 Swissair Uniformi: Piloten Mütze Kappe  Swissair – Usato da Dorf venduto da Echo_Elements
+++++
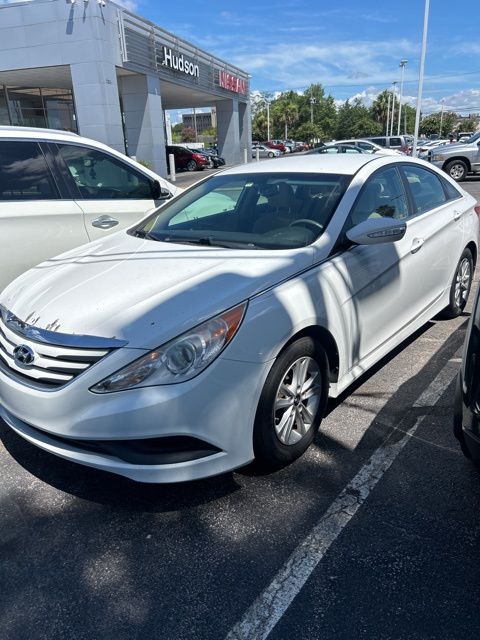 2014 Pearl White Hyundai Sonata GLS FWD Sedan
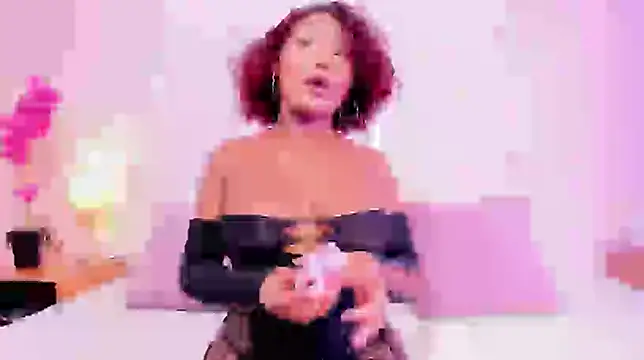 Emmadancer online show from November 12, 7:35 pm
+++++
**Task instructions:**
I would like the exact lines from the data above, starting with the one that holds "2014 Pearl White" and going on through the one that holds "Emmadancer online show", without the pictures.

**Exercise answer:**
 2014 Pearl White Hyundai Sonata GLS FWD Sedan
 Emmadancer online show from November 12, 7:35 pm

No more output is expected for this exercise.